Apesar de viver nessa humilde ambiência, concluiu o curso do ensino primário, com a nota de “distinção”, que representava, como então era vulgar referir, um grau médio de cultura geral, tendo em conta o acervo dos conteúdos lecionados e as exigências dos ilustres professores. Porém, as dificuldades anteriores agravaram-se com a morte extemporânea do seu avô materno, em consequência da qual a maior parte dos descendentes do agregado familiar – composto agora pela avó, 5 filhas, 3 filhos e 3 netos – foi para a cidade do Porto à procura de melhor situação económica e social, reduzindo-o ao nosso personagem, então com doze anos, e à sua avó, que o mesmo é dizer que ficou entregue a si mesmo, enquanto ela – que sofria de problemas cardíacos -, foi passar cerca de três meses junto de duas filhas, que residiam no Porto, a fim de poder ser tratada daquela sua enfermidade.

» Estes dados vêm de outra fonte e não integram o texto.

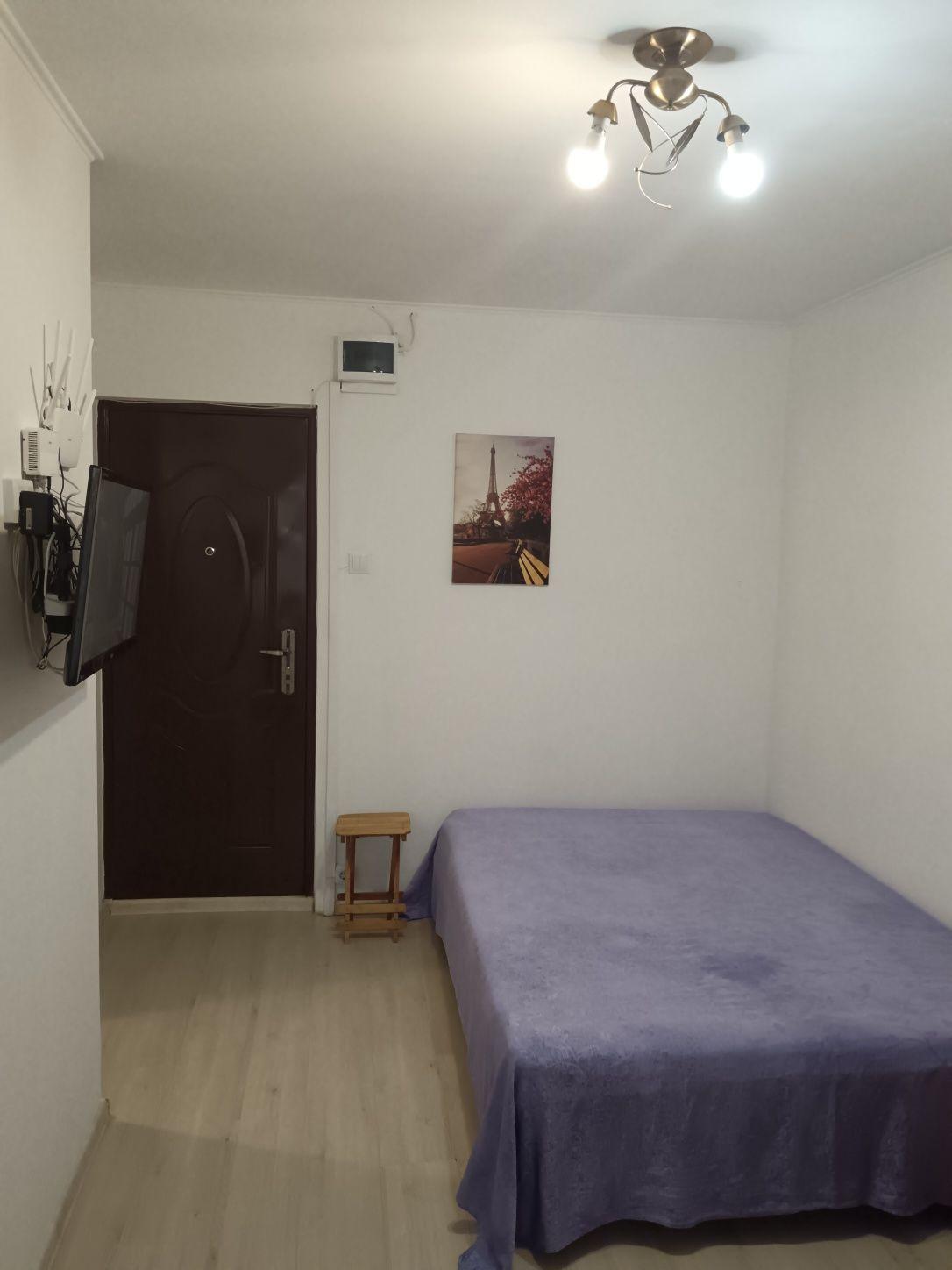 Închiriez garsoniera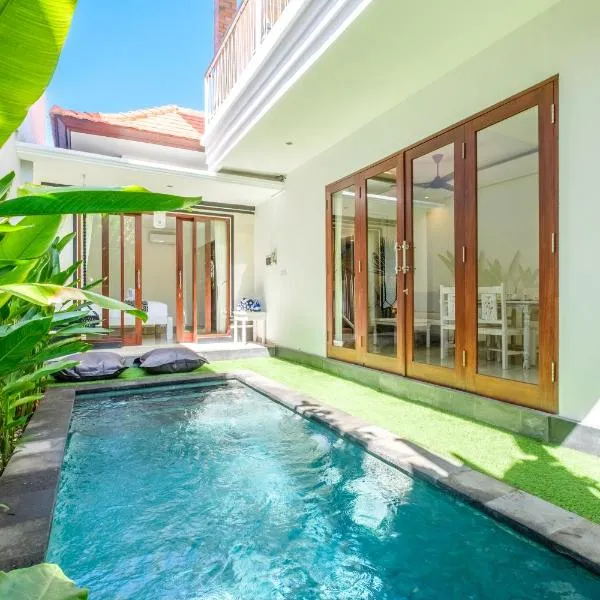 The R Villa Sinabung - comfort near the beach，位于沙努尔的酒店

Em consequência do desmembramento da família, a sua avó não teve outra solução senão a de entregar o cultivo das terras ao senhorio, ficando sem aquele meio de subsistência para se alimentar a si e ao seu neto. Valeu-lhe ter amealhado uns tostões, assistindo aos partos, na qualidade de parteira (curiosa), aliás, com grandes êxitos não só naquele, como nos concelhos vizinhos, sendo, por isso, muito conceituada, até pelos próprios médicos, que a ela recorriam, quando necessário, para a família. Entretanto, o nosso menor, estando como que abandonado, temporariamente, mas revelando já um precoce sentido de responsabilidade, deu por si a refletir, seriamente, no seu futuro, porque se ficasse na sua terra só lhe restava ser moço de lavoura, como era designado o emprego na agricultura, – o que de modo algum lhe interessava, pois aspirava a mais altos voos.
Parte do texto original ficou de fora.